◆ **Exercise description**
Nothing but the images is to be left out of your exact copy of the entries.

--- Supplied records Enclosed Below ---

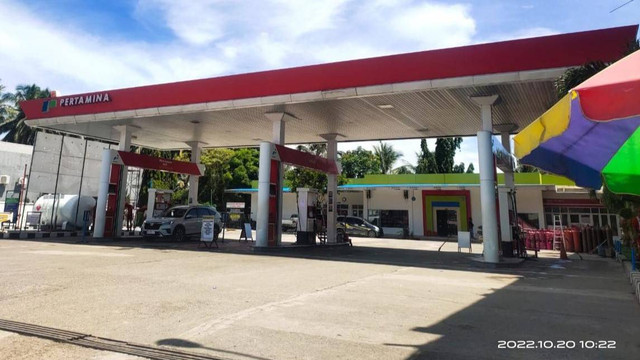 Suasana sepi di salah satu SPBU di Sulteng. Foto: Tim PaluPoso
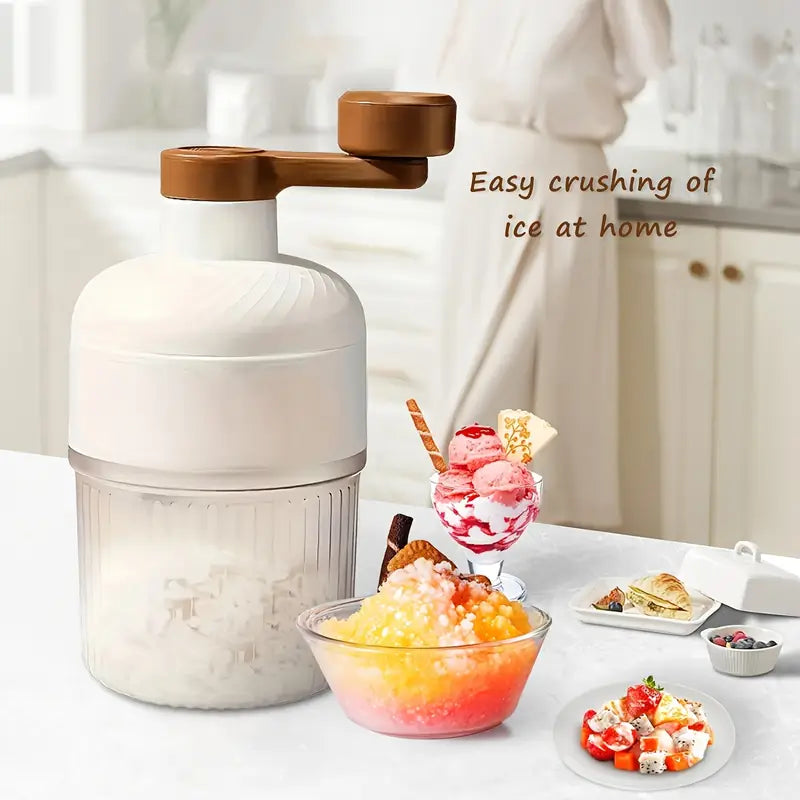 Hand Crank Ice Shaver for Snow Cones, view 6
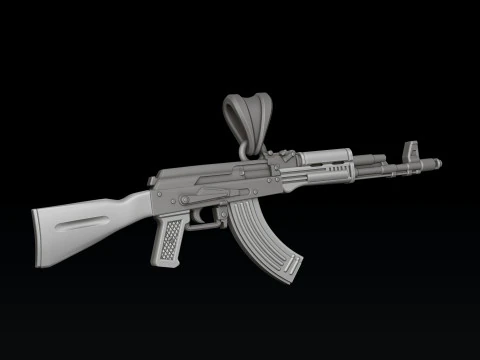 Modello di stampa 3D stilizzato Gan v3 pendente Modello di stampa 3D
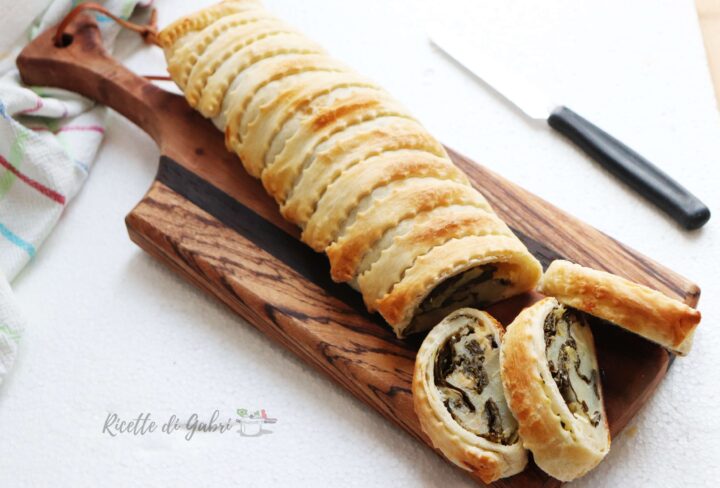 strudel salato con foglie di broccoli e cavolfiore ricetta facile anti spreco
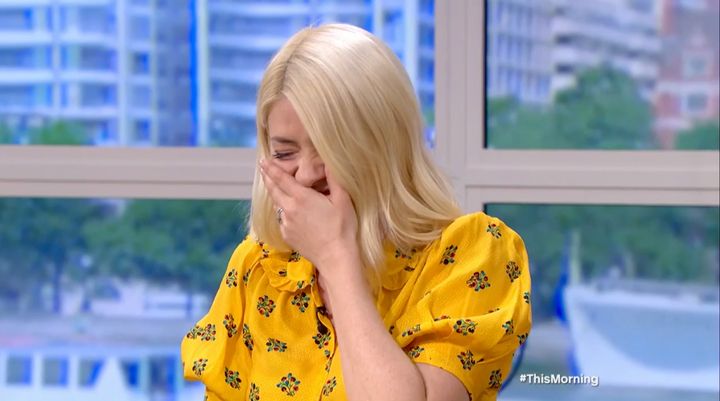 Holly Willoughby has been having some trouble with her corn on the cobs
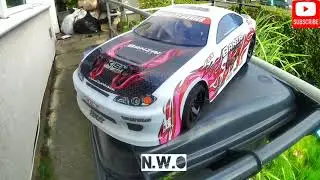 ftx banzai .18 nitro road drift car street run 2 speed not shifting sickening rc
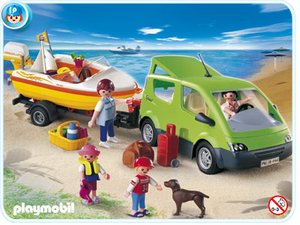Playmobil 4144 Gezinswagen met speedboot
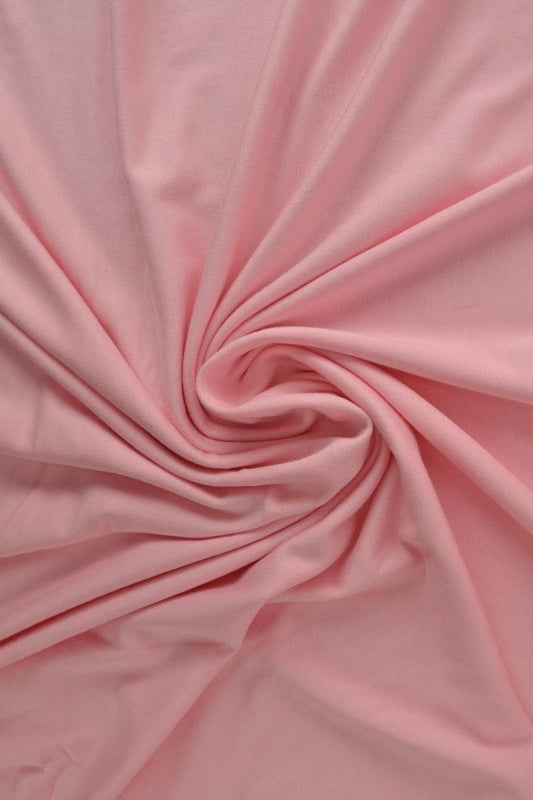 VINTAGE ROSA VISKOSJERSEY – MJUK, ANDNINGSBAR & ELASTISK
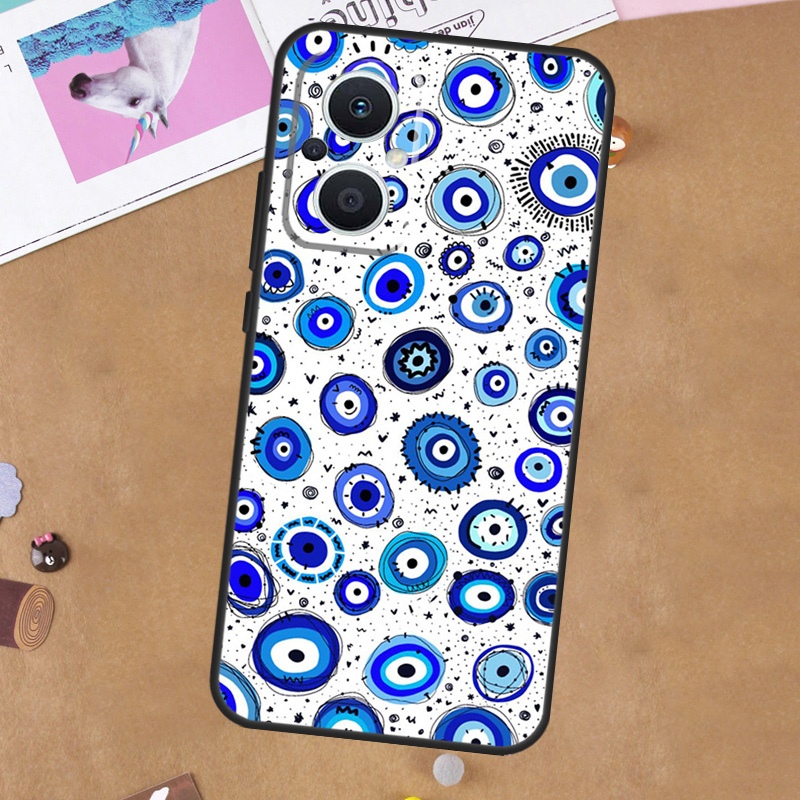 Etui z motywem „złego oka” do  – Oppo Reno 12 recenzja i cena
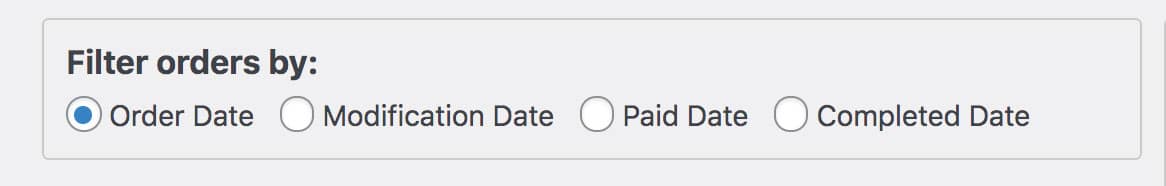 Il filtro per esportare gli ordini di WooCommerce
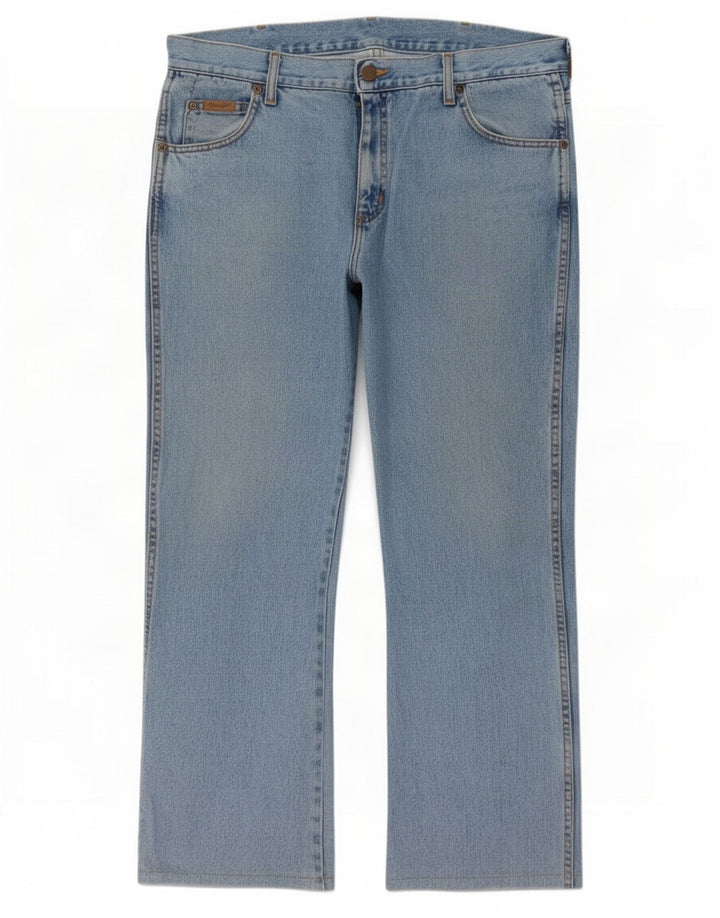 Jeans dritti da uomo Wrangler vestibilità regolare W36 L29 cotone blu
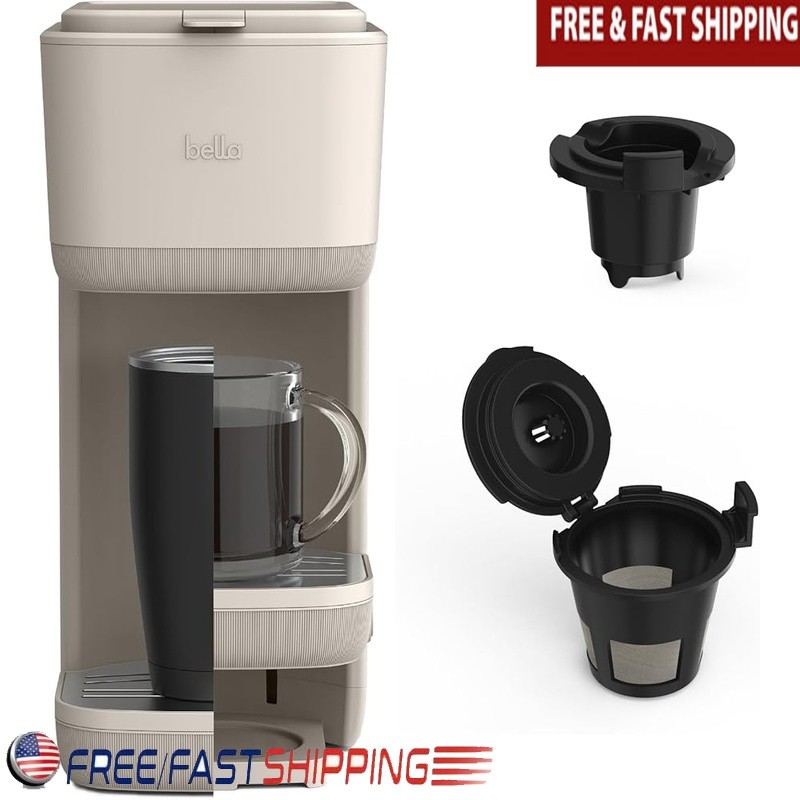 Single Serve Coffee Maker Adjustable Brew Height Compact Design Easy Cleanup New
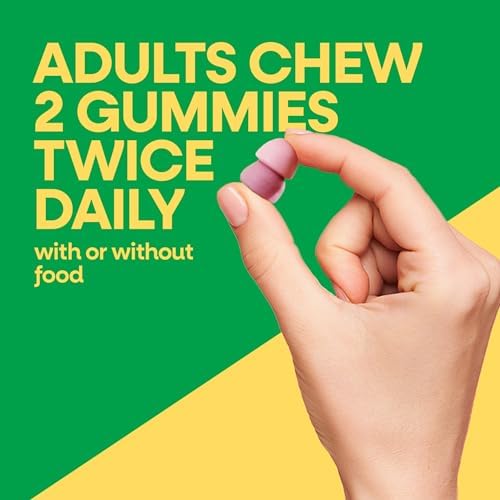 Nature’s Way Alive! Chewable Calcium Gummies with Vitamin D3, 60 ct | Daily Supplement Supports Healthy Bones and Teeth, and Muscle Function*, Strawberry and Raspberry-Lemonade Flavored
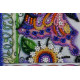 Mini Bead Embroidery Kit on Art Canvas "Butterfly in flowers"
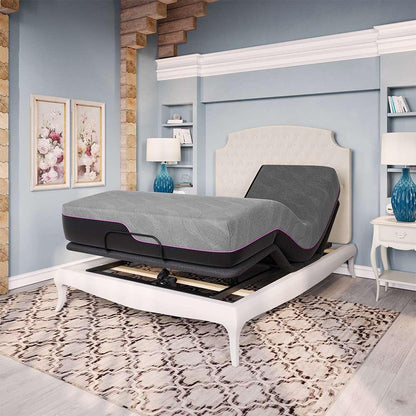 Legends Furniture - Bridgevine Home 11 inch Flex Head Adjustable Queen Size 3-Layer Memory Foam Mattress and Bed Frame Bundle - ZREM-ADJ-AFRMRN-FQ veiw 2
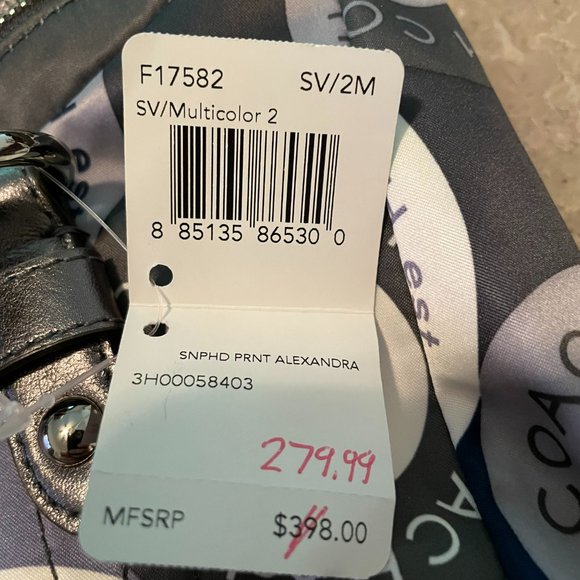 NWT - Coach Snaphead Print Sateen Alexandra Satchel Crossbody Handbag F17582 - Picture 3 of 5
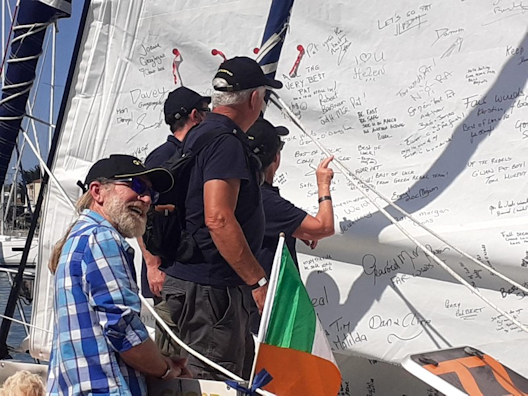 Signing the Sails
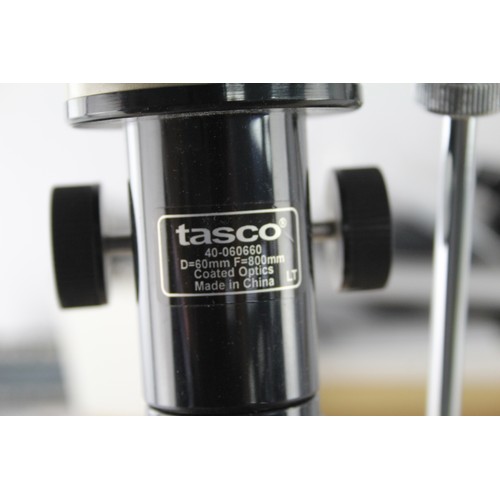 600 - Vintage Tasco Luminova 660 Power Refractor TELESCOPE w/ Original Box & Packaging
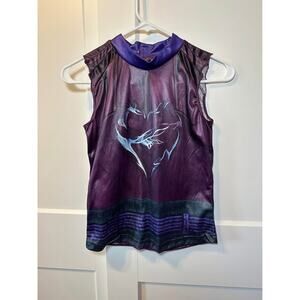 Halloween Costume- Disney Store Mal from Descendants, youth 9/10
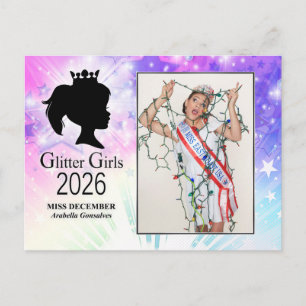 Miss Dezember 2026 Postkarte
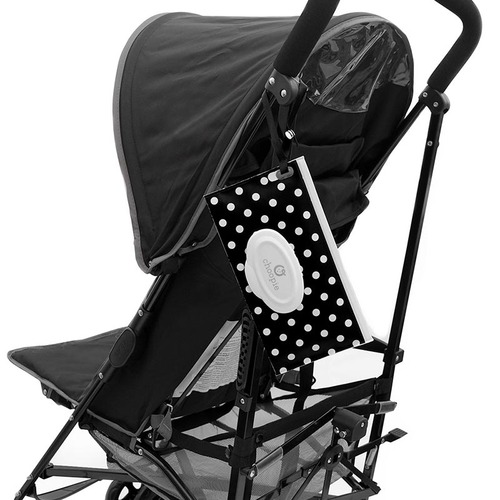 נרתיק מגבונים נייד רב שימושי בצבע שחור כוכבים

--- End of Enclosed Supplied records ---

◆ **Expected answer**
 Suasana sepi di salah satu SPBU di Sulteng. Foto: Tim PaluPoso
 Hand Crank Ice Shaver for Snow Cones, view 6
 Modello di stampa 3D stilizzato Gan v3 pendente Modello di stampa 3D
 strudel salato con foglie di broccoli e cavolfiore ricetta facile anti spreco
 Holly Willoughby has been having some trouble with her corn on the cobs
 ftx banzai .18 nitro road drift car street run 2 speed not shifting sickening rc
Playmobil 4144 Gezinswagen met speedboot
 VINTAGE ROSA VISKOSJERSEY – MJUK, ANDNINGSBAR & ELASTISK
 Etui z motywem „złego oka” do  – Oppo Reno 12 recenzja i cena
 Il filtro per esportare gli ordini di WooCommerce
 Jeans dritti da uomo Wrangler vestibilità regolare W36 L29 cotone blu
 Single Serve Coffee Maker Adjustable Brew Height Compact Design Easy Cleanup New
 Nature’s Way Alive! Chewable Calcium Gummies with Vitamin D3, 60 ct | Daily Supplement Supports Healthy Bones and Teeth, and Muscle Function*, Strawberry and Raspberry-Lemonade Flavored
 Mini Bead Embroidery Kit on Art Canvas "Butterfly in flowers"
 Legends Furniture - Bridgevine Home 11 inch Flex Head Adjustable Queen Size 3-Layer Memory Foam Mattress and Bed Frame Bundle - ZREM-ADJ-AFRMRN-FQ veiw 2
 NWT - Coach Snaphead Print Sateen Alexandra Satchel Crossbody Handbag F17582 - Picture 3 of 5
 Signing the Sails
 600 - Vintage Tasco Luminova 660 Power Refractor TELESCOPE w/ Original Box & Packaging
 Halloween Costume- Disney Store Mal from Descendants, youth 9/10
 Miss Dezember 2026 Postkarte
 נרתיק מגבונים נייד רב שימושי בצבע שחור כוכבים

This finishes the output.